INSTRUCTIONS FOR THE TASK — Exactly the lines below starting at the line with "File:2021 Warszawa Światowida, tramwaj" and ending at the line with "حضر سعادة د." are wanted, with both ends included. Leave out the pictures and add no other lines.

THE DATA —
****************************************

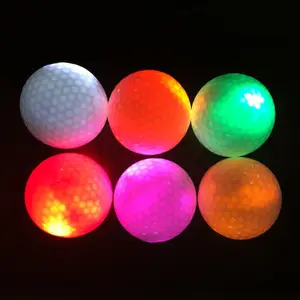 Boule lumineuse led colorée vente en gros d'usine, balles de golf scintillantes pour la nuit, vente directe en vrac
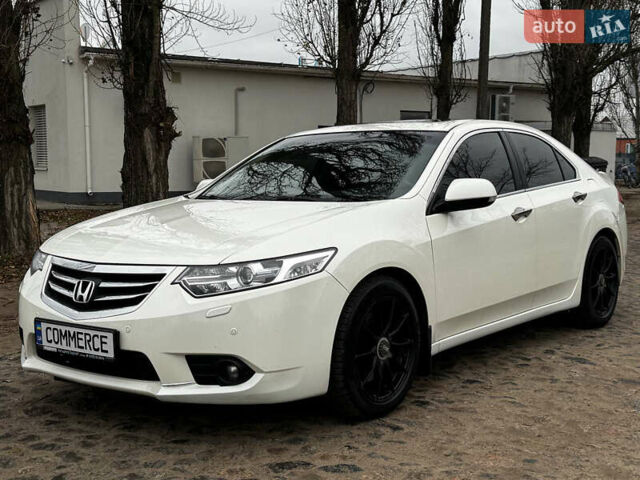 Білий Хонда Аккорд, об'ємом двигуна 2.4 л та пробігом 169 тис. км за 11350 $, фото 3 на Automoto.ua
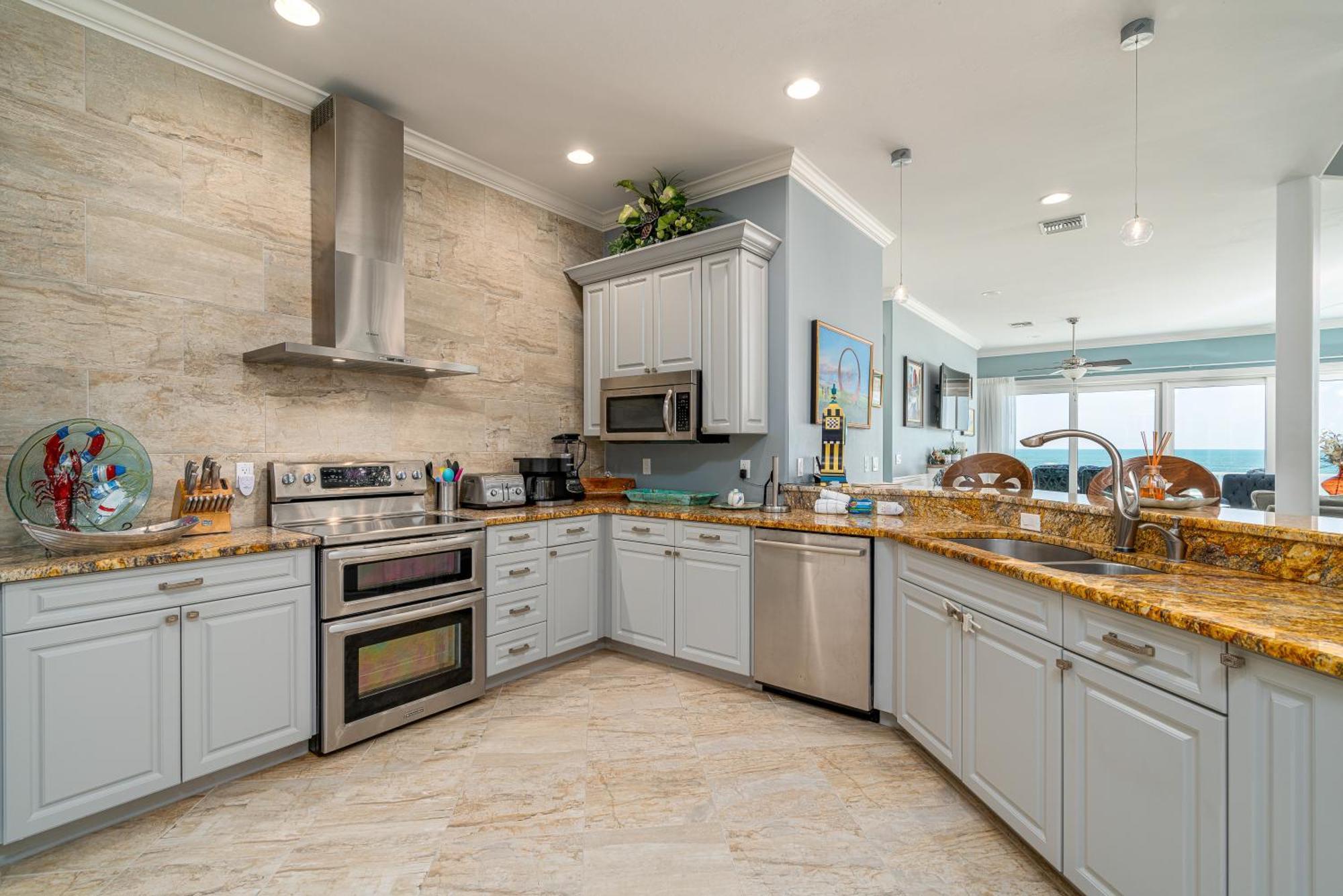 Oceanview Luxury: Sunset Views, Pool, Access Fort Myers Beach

****************************************

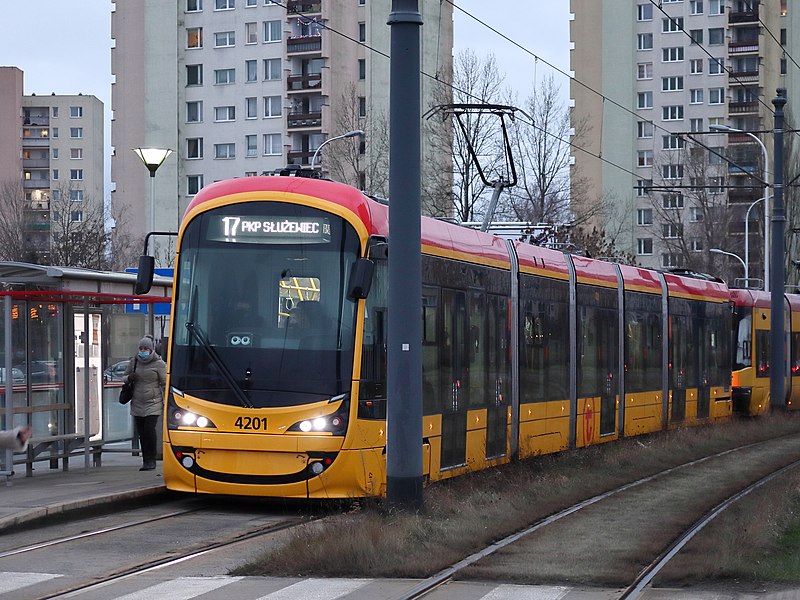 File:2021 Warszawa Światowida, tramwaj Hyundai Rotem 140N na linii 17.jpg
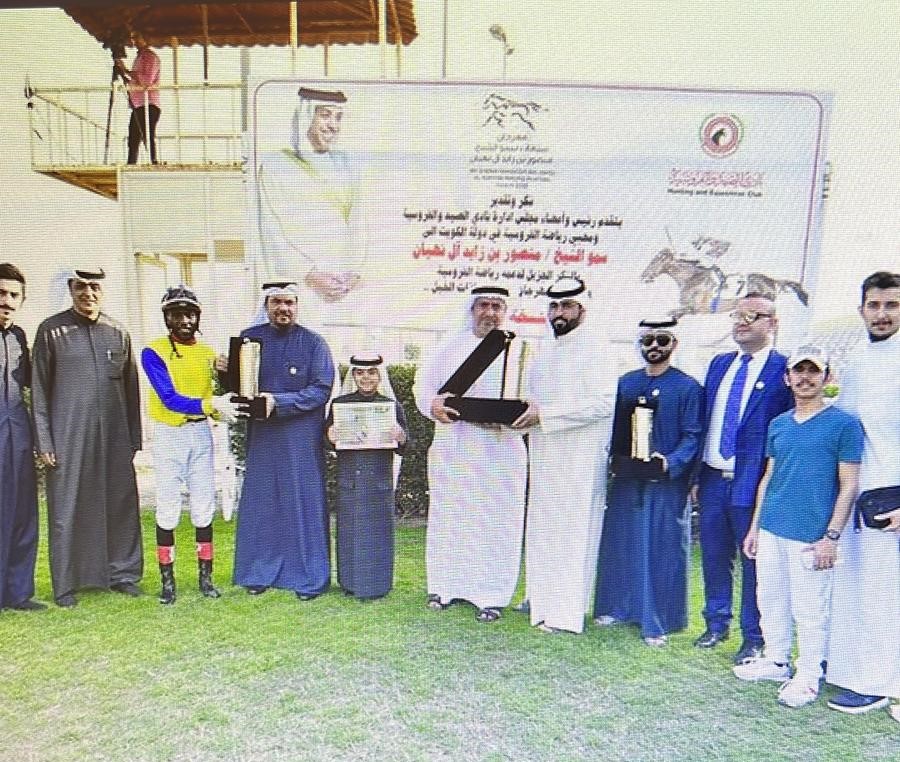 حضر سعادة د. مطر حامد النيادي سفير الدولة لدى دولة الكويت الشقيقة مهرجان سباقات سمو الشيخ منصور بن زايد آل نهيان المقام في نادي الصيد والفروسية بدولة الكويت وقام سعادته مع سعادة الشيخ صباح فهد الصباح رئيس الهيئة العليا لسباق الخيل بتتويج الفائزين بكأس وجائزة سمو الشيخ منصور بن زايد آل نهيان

****************************************

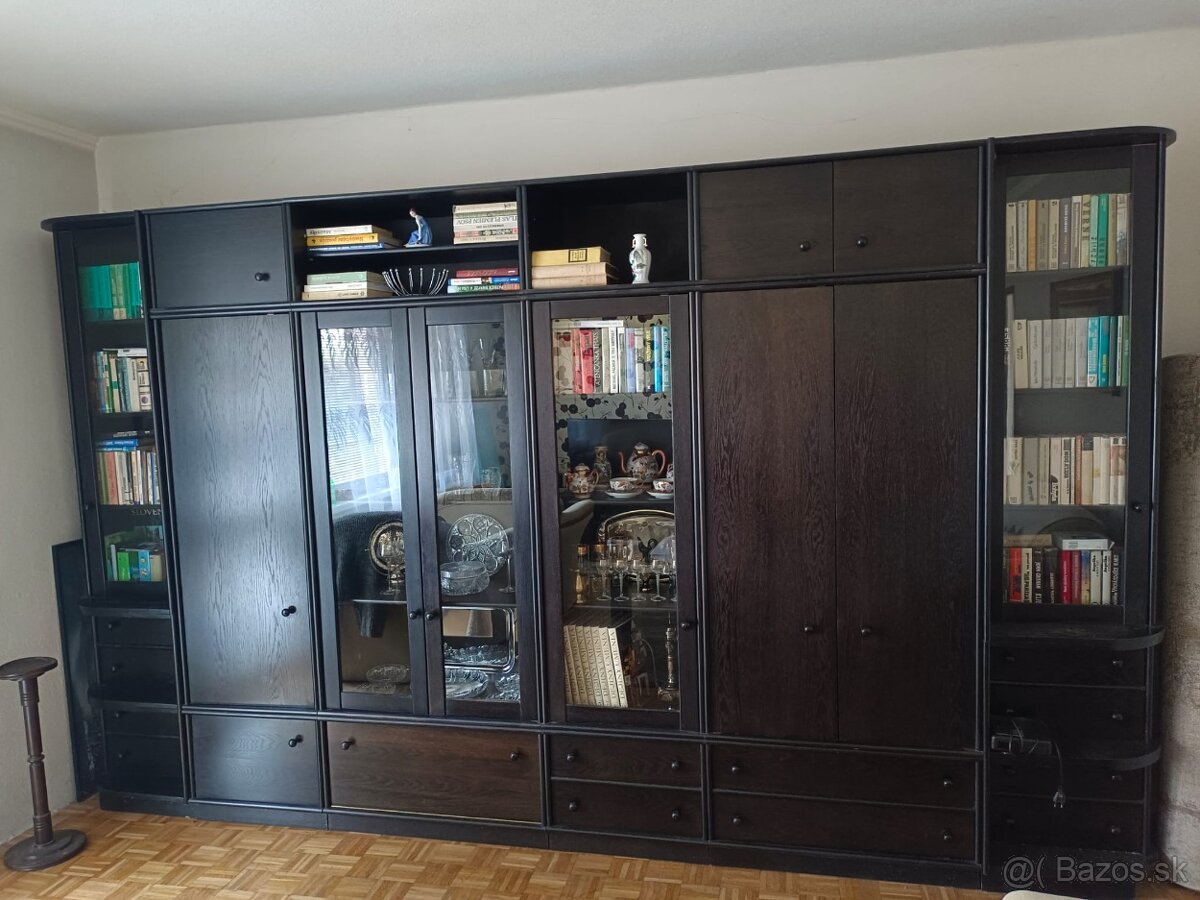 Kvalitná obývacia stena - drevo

****************************************

ANSWER TO THIS EXERCISE —
 File:2021 Warszawa Światowida, tramwaj Hyundai Rotem 140N na linii 17.jpg
 حضر سعادة د. مطر حامد النيادي سفير الدولة لدى دولة الكويت الشقيقة مهرجان سباقات سمو الشيخ منصور بن زايد آل نهيان المقام في نادي الصيد والفروسية بدولة الكويت وقام سعادته مع سعادة الشيخ صباح فهد الصباح رئيس الهيئة العليا لسباق الخيل بتتويج الفائزين بكأس وجائزة سمو الشيخ منصور بن زايد آل نهيان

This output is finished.